EXERCISE PROMPT →
Could you restate the data word for word and drop the pictures?
====== STORED DATA ======
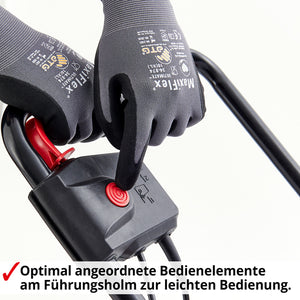 HECHT Elektro Vertikutierer 1420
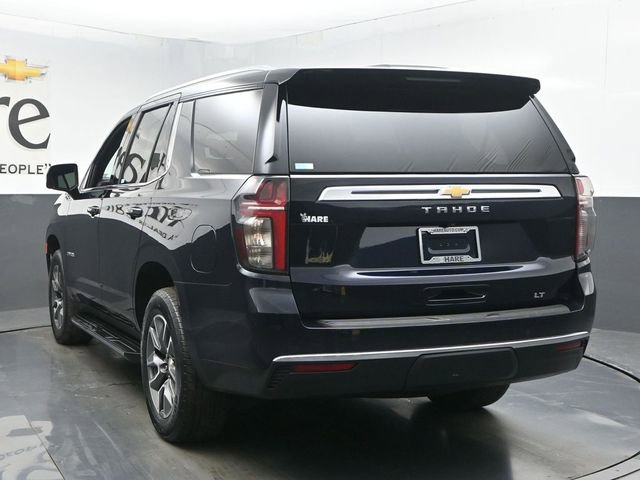 Used 2022 Chevrolet Tahoe LT w/ LT Signature Plus Package image 37
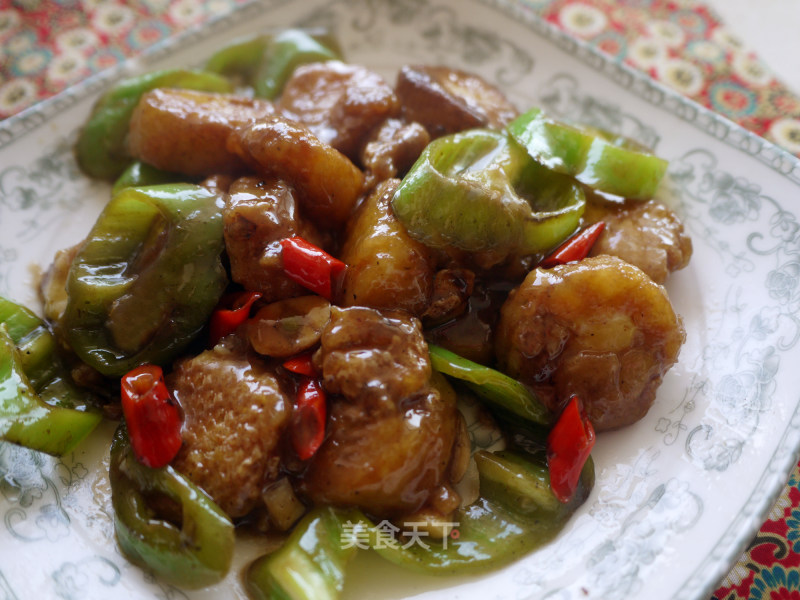 红烧玉子豆腐的做法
======
TASK ANSWER →
 HECHT Elektro Vertikutierer 1420
 Used 2022 Chevrolet Tahoe LT w/ LT Signature Plus Package image 37
 红烧玉子豆腐的做法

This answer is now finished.